5. Big Data Frameworks and Applications on IoT Domains
5.1. Healthcare
- Intelligent building- it houses the collection, processing unit, aggregation result unit, and the application layer services. It is the primary part that incorporates the intelligent system to capture big high-speed data from the sensors. It receives processes and analyses medical data from the multiple sensors attached to the patient body.
- Collection point- this is the avenue where the collected data enters the system. It gathers data from all the registered individuals of the BAN network. It is served by one server that collects and filters data from the people.
- Hadoop processing unit- it consists of the master nodes and multiple data nodes. It stores data in blocks. It has data mappers that assess the data to determine its validity, whether normal or abnormal. Normal data requires analysis, while necessary data is discarded.
- Decision servers- they are built with an intelligent medical expert system, machine learning classifiers, together with some complex medical issue detection algorithms for detailed evaluation and making choices. Their function is to analyse the information from the processing unit.
- Amazon Kinesis stream – captures and stores terabytes of data per hour. The tool provides a 24-hour access of data from the time it is included in a stream.
- Amazon Elastic Compute Cloud (EC2) offers the user the chance to launch the servers of choice.
- AWS IoT core- the ore helps in connecting to the IoT devices, receiving data through the MQTT, and publishing the message to a given topic.
- Elastic MapReduce (EMR) - allows quick processing and storage of big data using the Apache Hadoop application.
- Conventional Neural Network – extracts vision-based characteristics through the use of hidden layers. The hidden layers in the CNN help in establishing chronic diseases in living things connected to the IoT.
- Long short term memory (LSTM) - controls the accessibility to memory cells and prevents the breakdown in connection arising from additional inputs. It works on three neuron gates, namely forget, read and write neurons.
- Restricted Boltzmann Machine (RBM) - comprises of both hidden and input layer. Aims at maximising the probability results of the visible layer.

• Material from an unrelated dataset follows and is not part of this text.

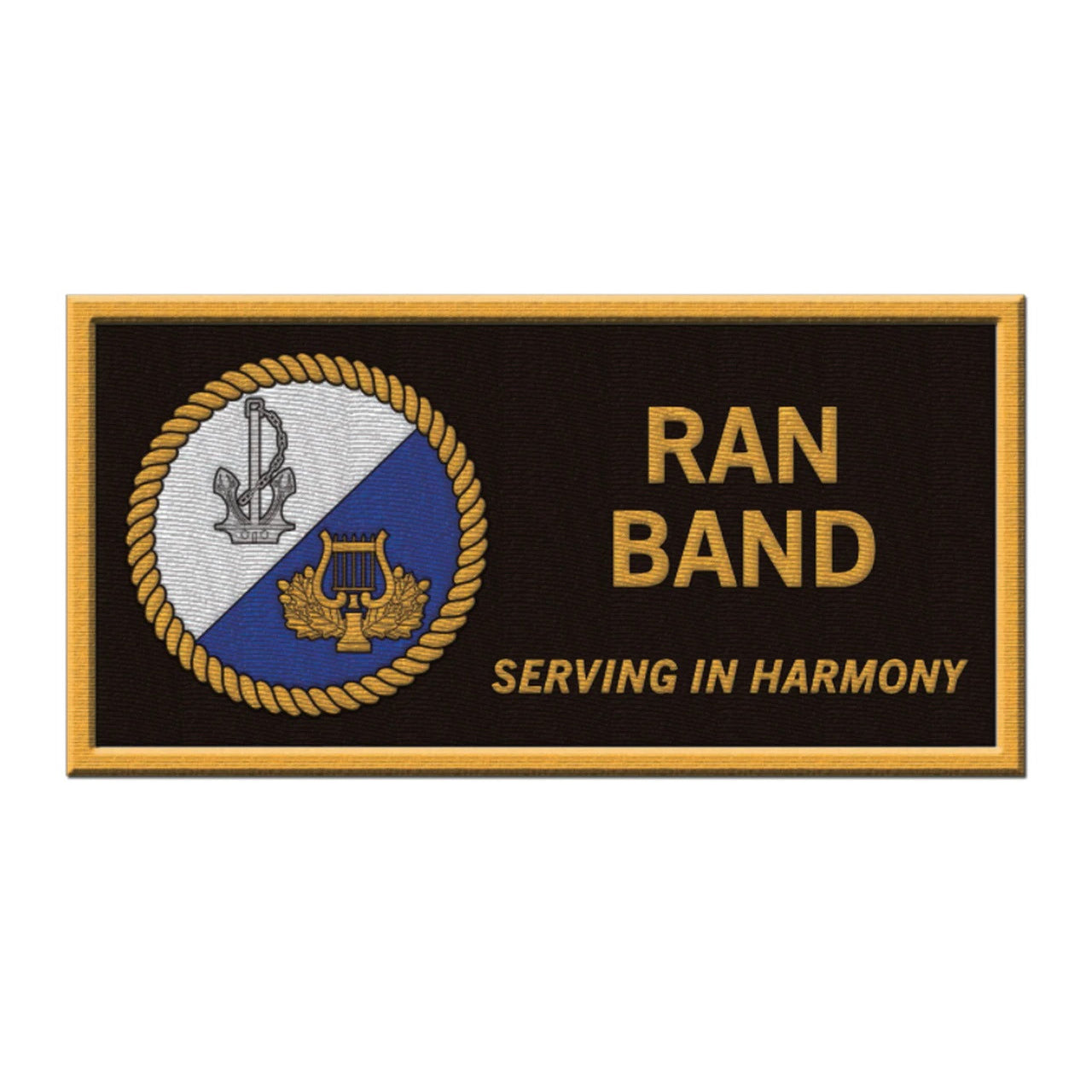 Get your hands on the perfect Navy Band uniform patch today! Made with high-quality materials, this embroidered patch is the ideal size and features a merrow border and black hook-and-loop backing. Place your order now to proudly display your love for the Navy Band! www.defenceqstore.com.au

- Deep Belief Network (DBNs) - they comprise of both the visible and hidden layers. They help in reconstructing and disarticulating training data that is presented hierarchically.
- Deep Reinforcement Learning (DRL) - focuses on enabling software agents to self-learn to generate useful policies to provide long term satisfaction of the medical needs. The problem associated with this system is that it does not have moderate data sets and cannot detect signals in offline mode.
-
Management Processes’ coordination:Here the report identifies the blackboard pattern to be the reference point for coordinating management processes. This function is achieved through the other four patterns which are;
- Knowledge pattern that focuses on the implementation of automatic computing. It solves the challenges of scalability and limitations during the centralization if knowledge in healthcare. The challenge can be eliminated through the decomposition of the knowledge for the better management of the IoT system into three categories. The sensory, context and procedural knowledge
- Cognitive monitoring management pattern is designed for specific devices that generate data in one unit through the use of syntax and representation. It focuses on solving the problem of the new IoT devices that require new software to be created to necessitate its expensive functionality. The cognitive monitoring management pattern makes it easier by developing a system that uses human visualization to retrieve and receive notifications for any changes in the situation. Human visualization of the system allows the management of the system through setting modification and allowing the IoT system to get help from the specialists and acquire knowledge.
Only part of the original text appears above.